To solve the problem, we need to determine the function \( f(x) \) such that \( f(x) \), \( f'(x) \), and \( f''(x) \) are in geometric progression (G.P.). ### Step-by-Step Solution: 1. **Understanding Geometric Progression (G.P.):** If \( f(x) \), \( f'(x) \), and \( f''(x) \) are in G.P., then the relationship can be expressed as: \[ (f'(x))^2 = f(x) \cdot f''(x) \] 2. **Assuming a General Form of \( f(x) \):** Let's assume \( f(x) = e^{mx} \), where \( m \) is a constant.
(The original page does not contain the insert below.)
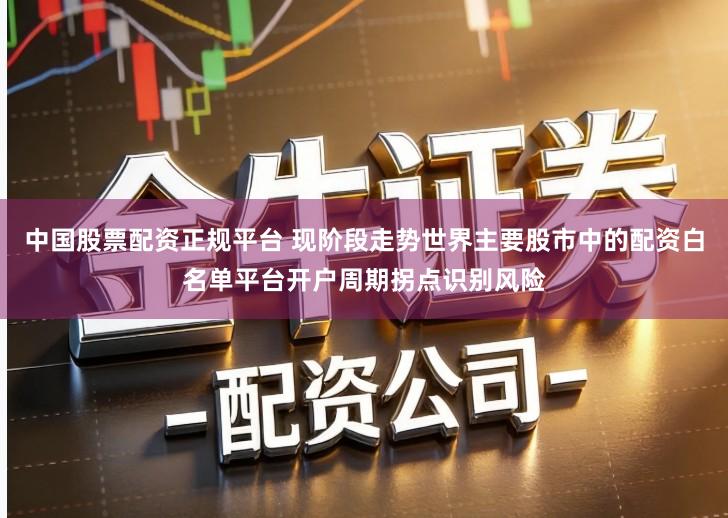 中国股票配资正规平台 现阶段走势世界主要股市中的配资白名单平台开户周期拐点识别风险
This is a common assumption because exponential functions often yield simple derivatives. 3. **Finding the Derivatives:** - The first derivative \( f'(x) \) is: \[ f'(x) = m e^{mx} \] - The second derivative \( f''(x) \) is: \[ f''(x) = m^2 e^{mx} \] 4. **Substituting into the G.P. Condition:** Now we substitute \( f(x) \), \( f'(x) \), and \( f''(x) \) into the G.P. condition: \[ (f'(x))^2 = f(x) \cdot f''(x) \] This gives: \[ (m e^{mx})^2 = e^{mx} \cdot (m^2 e^{mx}) \] Simplifying both sides: \[ m^2 e^{2mx} = m^2 e^{2mx} \] This is true for all \( x \). 5. **Conclusion:** Since our assumption \( f(x) = e^{mx} \) satisfies the condition that \( f(x) \), \( f'(x) \), and \( f''(x) \) are in G.P., we conclude that the function \( f(x) \) can be expressed as: \[ f(x) = e^{mx} \quad \text{for some constant } m. \] ### Final Answer: The function \( f(x) \) is of the form \( f(x) = e^{mx} \) where \( m \) is a constant.